Ce phénomène n’est pas nouveau: un vil escroc d’une médiocrité affligeante parvenant au pouvoir en enfumant le monde entier. Il suffit de lire les reportages édifiants de Joseph Kessel en Allemagne en 1932 parus dans Le Matin. Ce dernier explique l’hystérie des foules provoquée par Hitler: «Cet homme est si infatué de lui-même qu’il arrive à emmener tout un pays dans sa croyance».

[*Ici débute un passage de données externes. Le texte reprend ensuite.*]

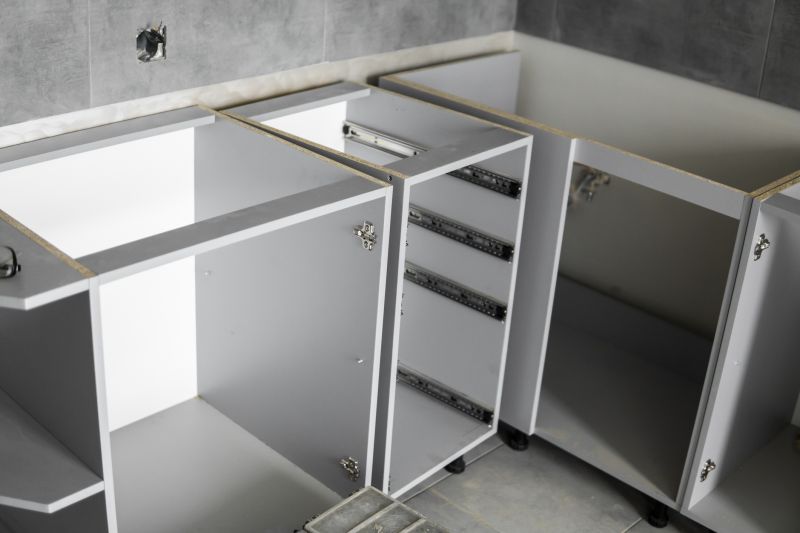 Cupboard Installation in Cincinnati, OH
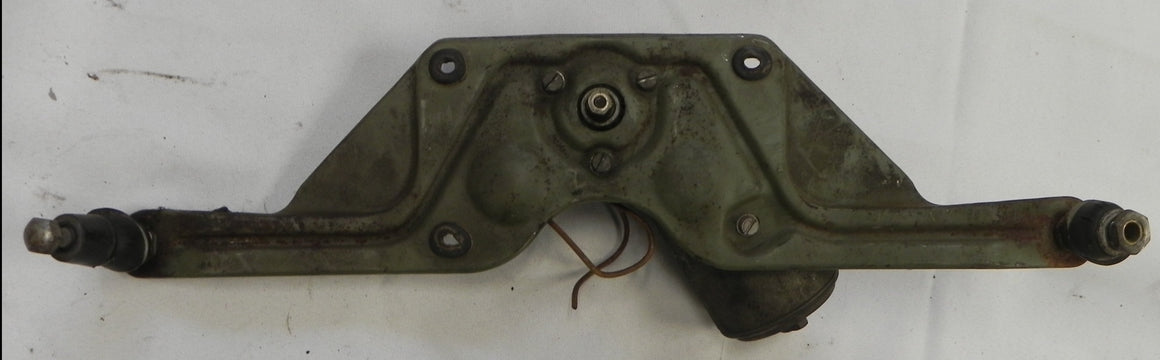 (Used) 356 BT6-C Windshield Wiper Assembly
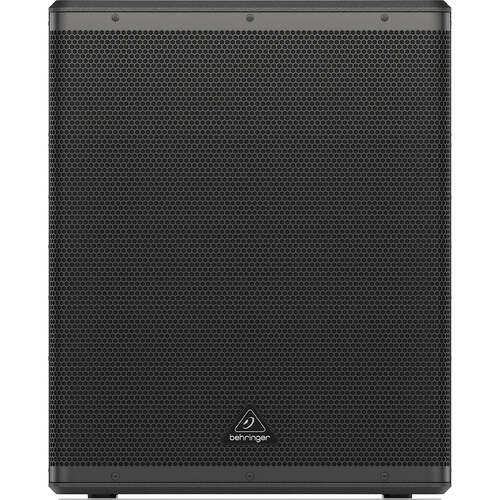 Behringer DR18SUB Active 800W Subwoofer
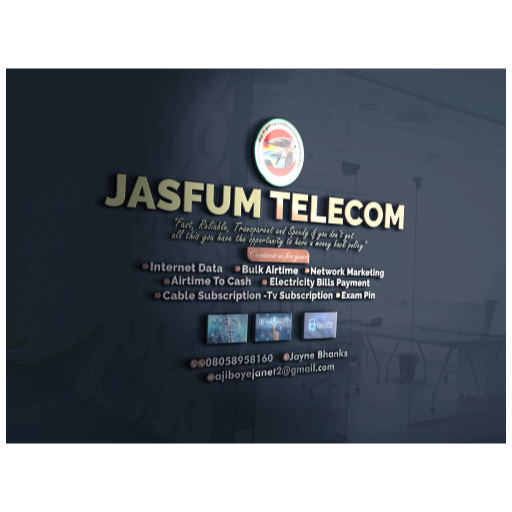 JASFUM TELECOM Download on Windows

Monsieur Trump croit être un génie et nous le lui laissons croire. Son pouvoir est de notre responsabilité. Comment ne pas plier? Aux dirigeants de refuser son chantage mafieux: je te protège si tu me donnes et fais ce que je veux. Aux médias de ne pas faire son jeu en relatant ses vitupérations quotidiennes. Cet individu n’existe plus si nous l’ignorons. Si nous ne portons plus crédit à son autosuffisance, à son amour immodéré de lui-même. Cela vaudrait peut-être la peine d’essayer. Une journée, une semaine sans Trump. Qu’il retourne là où est sa place : dans une salle de jeux pleine d’or. Le silence pourrait être un moyen de se protéger de sa malfaisance. Cela vaut peut-être la peine d’essayer. Nous n’avons pas grand-chose à perdre.